Говоря о книгах, надо понимать, что все то, что дает основные установки, идет из детства. Мои ранние годы прошли в закрытой системе сибирского поселка, где можно было разжиться книгами из двух местных библиотек – общей и школьной, куда новинки поступали раз в столетие. У меня, как человека, рожденного в конце 70-х, набор литературы вполне узнаваем и бессистемен: Дюма, Майн Рид, Ефремов, Беляев, Алексей Толстой, Азимов, Хайнлайн, Булгаков и др. Помимо этого я любила порыться на полках, где обретались пыльные подшивки журналов «Эврика!», который с 60-х годов знакомил советского читателя с достижениями в мире науки и техники.
На домашних полках стояло классическое собрание книг. Кто не вспомнит два синих тома Лермонтова с мелким тиснением или Маяковского под красной обложкой? А Брокгауза с Ефроном?

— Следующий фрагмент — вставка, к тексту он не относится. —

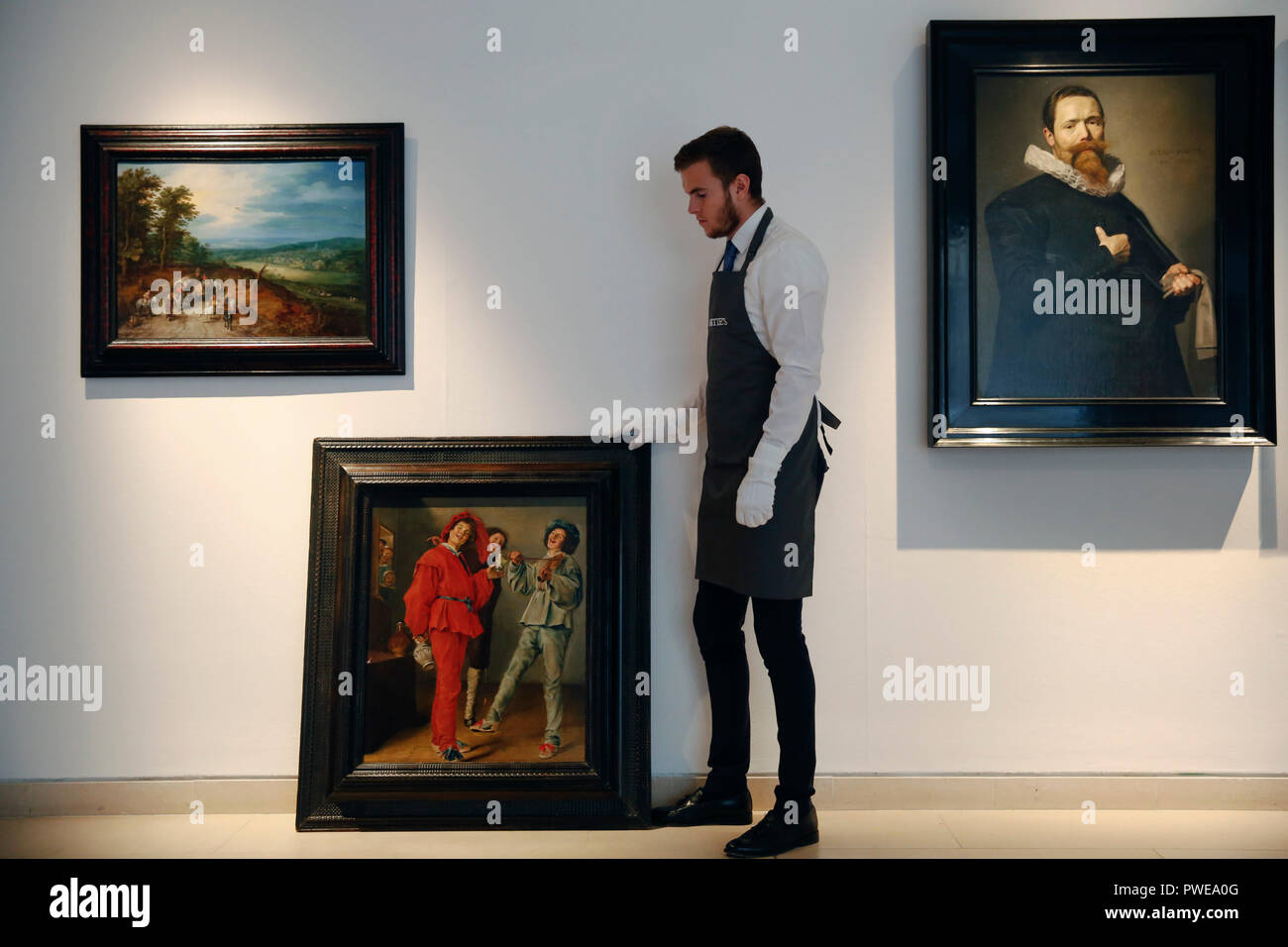 London, UK, 16th Oct 2018. A Christie's art handler stands with artworks by Dutch masters, (L-R) Jan Breughel the Elder 's 'An extensive wooded landscapef'; Judith Leyster 's 'Merry Company'; Frans Hals 'Portrait of a Gentleman holding a pair of gloves' a at Christie's Auction House in London, UK, Tuesday October 16, 2017. The pieces are expected to achieve £5million, £2.5million and £12million ( one of a pair ) respectively when they come to auction as part of the Albada Jelgersma Collection sale during Christie's Classic Week in December. Photograph : Credit: Luke MacGregor/Alamy Live News Stock Photo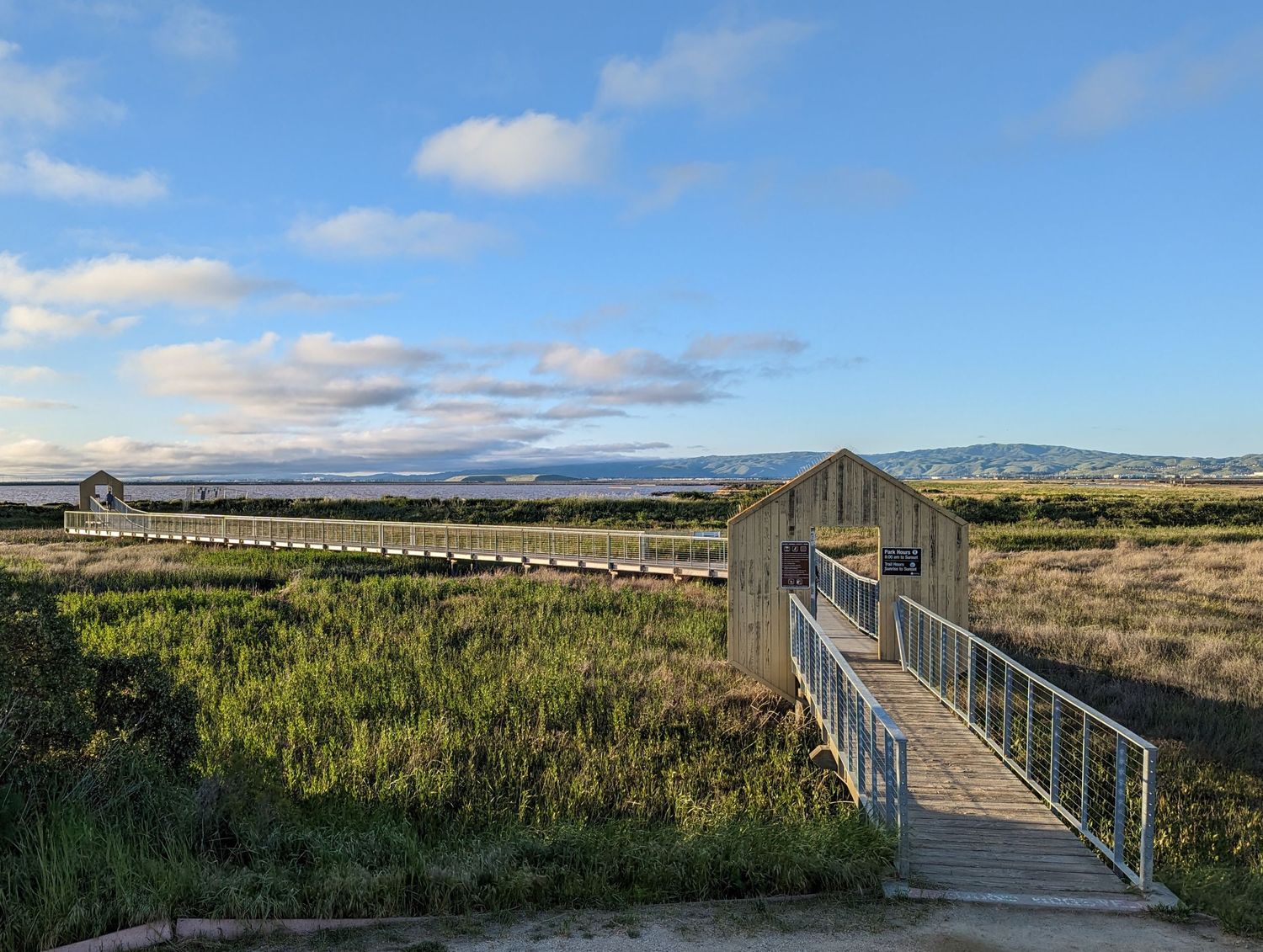 San Jose Alviso Marina park - wooden boardwalk extends through natural grassland with mountains visible in the distance.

Единственным отличием были так называемые журналы моего собственного изготовления. Выглядели они как обычная общая тетрадь с нарисованными вручную иллюстрациями и написанными вручную статьями. Сразу вспомнилось: «тут же на веревке был торжественно вывешен первый номер сатирического и юмористического журнала «Комар», форматом в тетрадочный лист и размером в восемь страничек». Вот примерно то же самое.
Но дело в том, что книги продолжают менять и дополнять нашу жизнь. Мы все так же удивляемся чему-то, что нам близко. Например, последнее из моих личных открытий – книга стихов Даниила Чконии «Стихия и пловец», которую автор подарил мне на литературном фестивале «Эмигрантская лира» в Бельгии. Тонкая, исповедальная лирика, где-то не лишенная самоиронии, – это если сказать в двух словах. Я люблю такие книги, и мне иногда кажется, что они сами меня находят, чтобы в очередной раз объять широтой человеческих дарований.